But Mauritius becomes stronger and more self-sufficient.
This is a classic GDP blind spot:
The system is made healthier by spending less!
DITO’S GARDEN Filling our Biocomposters with our Compost “Lasagna” mix in Mauritius | Video 1
Lessons From My Biocomposters: What Composting Taught Me About Patience, Systems, and Real Value
In this blog article I will also showcase photos of the widely distributed black compost bin made of plastic in Mauritius, and how you can tweak it and use it differently to actually get it to make compost. It’s been probably a decade ago when this bin was being handed out for free by the government at Social Centres. Definitely a good initiative, with one exception that… it doesn’t work, and to make it work, it requires a bit of training. If you have one of these bins at home, you’re not alone, and you’re not doing something “wrong”. It just needs a small adjustment. I’ll also include a video tour of what my current biocomposter setup is like. That same small composter bin can be replicated to do the same. There are many ways to get compost once you know that it might need a bit of mixing, turning, and access to air.
Before I started to make compost, I was using the compost bin to dump my kitchen waste in there.
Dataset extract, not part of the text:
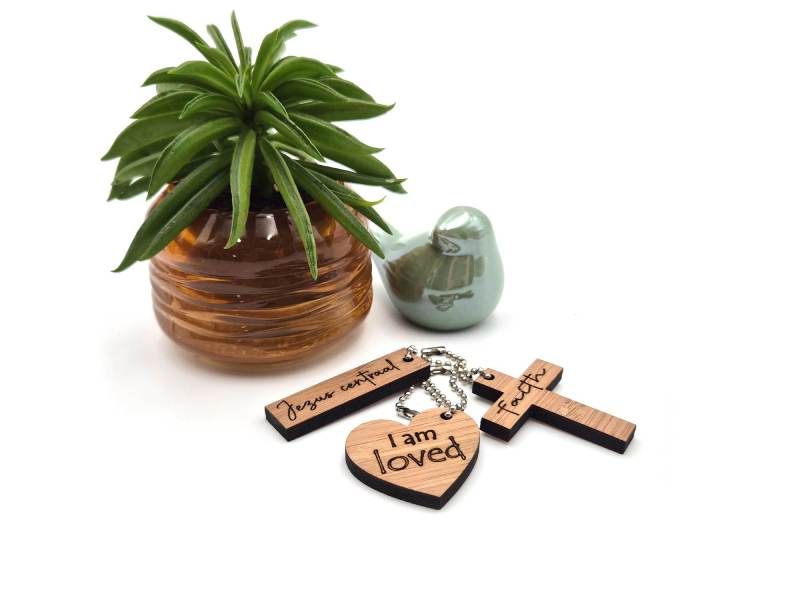 Set christelijke sleutelhangers geschikt als klein cadeautje voor een man of een vrouw of om weg te geven.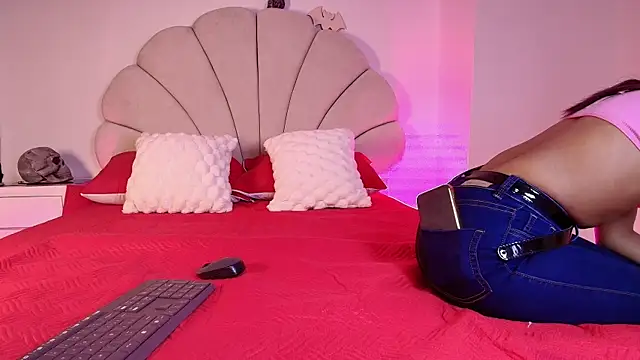 Snapshot of nata_luna chatting on October 28, 2025, 7:24 pm nata luna online show from October 28, 2025, 7:24 pm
I would occasionally add layers of leaves (browns) and the years would go by… and whenever I would open the closure that is on the side of the bin, I would see that there was… no compost at all! It simply didn’t break down. But since I wasn’t into gardening and was working mostly on the computer, I just brushed it away as something that just needs its time. Without much attention, 3 years went by like this, and I was surprised at some stage that I still didn’t get any compost out of this bin!
Fast forward into the future, I started to try other methods to make compost and stopped using the bin. I would just make layers of everything I had, like kitchen waste, browns from the garden, and regularly mix it. It would hot compost, and I would see how it breaks down and within months turn into beautiful compost. It was fun.
When touring the garden and showing the biocomposters, I would often hear from people who have the black plastic bin composter that they all have the same problem. They’ve been dumping organic materials in there just like I used to do, and they never really got any compost out of it. So, that was a signal to me that many people would love to compost their kitchen waste, but aren’t getting results. While it’s not so complicated, it’s sometimes not so obvious how to “fix” this. The idea of making compost then quickly fades into a backlog of “hopefully it works out someday”… or it ends there, and the organic waste ends up back in the landfill.
There isn’t only one way how you can get your organic waste to turn into compost. I’ll share the method I’m using, and this is not limiting you from the many other ways you can become creative about it. 🙂

Why 12 Biocomposters?
Let’s look at what one biocomposter is in size. The height is basically the height of the wire mesh fencing material that we buy in rolls and then cut. I use school maths to figure out how much fencing I have to cut. If I want 1m diameter, I take that and multiply by PI (22/7), and cut the fence around the 314 to 315 cm mark.

Biocomposter (cylinder)
• Height: 150-155 cm
• Diameter: 100 cm
• Radius: 50 cm
• Top opening: 100 cm diameter
• Circumference: ≈ 314 cm (useful for the geotextile wrap. I usually cut the geotextile slightly larger, around 330 cm, so there is enough overlap inside the biocomposter.) Take 100 cm, multiply by pi. Using PI 22/7 learned from mathematics class has actually become useful in the garden!
Central air tube
• Diameter: 25 cm
• Height: 150-155 cm


Volume
• Geometric volume: ≈ 1,178 L
• Minus air tube: ≈ 1,104 L
• Typical working figure with a little headspace and settling: about 1,000 L per unit.
I can fill up a biocomposter with around 1,400 L of a mixed mulch mix ratio (which I will share more details of below), which is a great way to process all the organic material we have in the garden, such as the large amount of mango leaves that fall from the trees daily. It compresses down a lot once watered and settles over time. A biocomposter is a great way to process large amounts of organic waste, and very useful for a garden where such waste is present in abundance.
This is our filling ratio. We build a lasagna with this ratio.
Per layer set (“lasagna”) This would be layer 1 which is a ratio of: 1:4:0.5:1
• 1 bin greens
• 4 bins browns (dry mango leaves, shredded paper in bulk, torn cardboard)
• 0.5 wheelbarrow cow manure
• 1 bag horse manure with wood chips
Light watering to settle the layer. Then start a new layer until you sense the quantity is enough to fill one biocomposter. I have set a standard of x4, but quite often I also have found myself doing x5.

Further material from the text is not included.